*Scraped caption text data*
--
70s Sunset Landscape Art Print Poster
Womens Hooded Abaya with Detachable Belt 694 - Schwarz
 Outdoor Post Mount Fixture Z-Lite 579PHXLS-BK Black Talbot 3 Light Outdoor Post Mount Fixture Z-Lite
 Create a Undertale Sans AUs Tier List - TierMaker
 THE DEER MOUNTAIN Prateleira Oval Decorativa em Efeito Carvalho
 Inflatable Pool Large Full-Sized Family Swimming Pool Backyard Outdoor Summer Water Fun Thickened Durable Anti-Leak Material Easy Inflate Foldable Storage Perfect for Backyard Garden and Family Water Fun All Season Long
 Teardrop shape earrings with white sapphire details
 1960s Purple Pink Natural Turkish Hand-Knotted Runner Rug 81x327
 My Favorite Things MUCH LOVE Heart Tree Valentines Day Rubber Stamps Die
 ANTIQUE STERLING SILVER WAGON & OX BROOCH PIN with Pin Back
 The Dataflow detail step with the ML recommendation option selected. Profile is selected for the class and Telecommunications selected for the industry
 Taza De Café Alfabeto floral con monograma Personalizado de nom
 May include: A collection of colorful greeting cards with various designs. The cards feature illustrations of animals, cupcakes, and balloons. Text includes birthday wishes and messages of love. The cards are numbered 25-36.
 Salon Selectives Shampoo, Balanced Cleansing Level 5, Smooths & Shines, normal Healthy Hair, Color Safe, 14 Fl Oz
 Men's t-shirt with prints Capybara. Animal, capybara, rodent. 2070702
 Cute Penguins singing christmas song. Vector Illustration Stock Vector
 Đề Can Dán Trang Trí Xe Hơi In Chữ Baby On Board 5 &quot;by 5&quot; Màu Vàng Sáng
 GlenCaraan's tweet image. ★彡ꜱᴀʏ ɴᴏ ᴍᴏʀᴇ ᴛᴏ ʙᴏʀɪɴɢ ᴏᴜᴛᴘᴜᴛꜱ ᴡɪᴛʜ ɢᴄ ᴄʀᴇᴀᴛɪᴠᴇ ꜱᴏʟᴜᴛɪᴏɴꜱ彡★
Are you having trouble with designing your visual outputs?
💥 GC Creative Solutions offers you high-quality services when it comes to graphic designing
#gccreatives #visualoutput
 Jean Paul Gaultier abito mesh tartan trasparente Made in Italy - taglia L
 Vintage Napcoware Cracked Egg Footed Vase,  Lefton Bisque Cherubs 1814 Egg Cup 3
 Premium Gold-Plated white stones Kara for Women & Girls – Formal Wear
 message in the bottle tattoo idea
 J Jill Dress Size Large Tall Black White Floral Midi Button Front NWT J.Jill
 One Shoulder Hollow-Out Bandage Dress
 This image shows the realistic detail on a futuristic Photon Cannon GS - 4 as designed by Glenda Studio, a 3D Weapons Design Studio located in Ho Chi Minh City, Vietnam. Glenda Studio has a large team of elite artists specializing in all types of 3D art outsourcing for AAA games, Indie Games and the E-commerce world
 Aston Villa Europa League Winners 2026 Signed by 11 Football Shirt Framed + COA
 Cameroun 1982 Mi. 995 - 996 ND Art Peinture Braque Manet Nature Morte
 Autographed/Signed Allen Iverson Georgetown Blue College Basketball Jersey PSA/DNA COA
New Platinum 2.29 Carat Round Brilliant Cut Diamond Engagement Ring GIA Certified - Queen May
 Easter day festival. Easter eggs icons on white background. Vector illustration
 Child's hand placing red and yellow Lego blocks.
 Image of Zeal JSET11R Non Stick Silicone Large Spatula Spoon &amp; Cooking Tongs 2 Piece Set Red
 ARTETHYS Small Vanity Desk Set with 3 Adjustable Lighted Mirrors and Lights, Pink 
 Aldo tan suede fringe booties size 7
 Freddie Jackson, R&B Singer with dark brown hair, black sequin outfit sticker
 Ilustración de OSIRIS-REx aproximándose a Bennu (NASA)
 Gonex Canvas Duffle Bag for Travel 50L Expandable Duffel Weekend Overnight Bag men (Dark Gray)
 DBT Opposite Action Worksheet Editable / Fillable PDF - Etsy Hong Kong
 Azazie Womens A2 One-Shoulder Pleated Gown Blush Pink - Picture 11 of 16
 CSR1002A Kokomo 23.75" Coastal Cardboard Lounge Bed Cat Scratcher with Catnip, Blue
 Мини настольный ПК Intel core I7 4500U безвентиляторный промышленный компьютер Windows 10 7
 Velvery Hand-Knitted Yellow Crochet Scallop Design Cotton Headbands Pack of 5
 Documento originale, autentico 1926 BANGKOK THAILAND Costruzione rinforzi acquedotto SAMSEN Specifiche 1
--
*DIRECTIONS FOR THIS TASK*
The records above should be printed exactly, please, from the first line through the line containing "THE DEER MOUNTAIN", with both ends kept and nothing past it.

*RESPONSE BELOW*
70s Sunset Landscape Art Print Poster
Womens Hooded Abaya with Detachable Belt 694 - Schwarz
 Outdoor Post Mount Fixture Z-Lite 579PHXLS-BK Black Talbot 3 Light Outdoor Post Mount Fixture Z-Lite
 Create a Undertale Sans AUs Tier List - TierMaker
 THE DEER MOUNTAIN Prateleira Oval Decorativa em Efeito Carvalho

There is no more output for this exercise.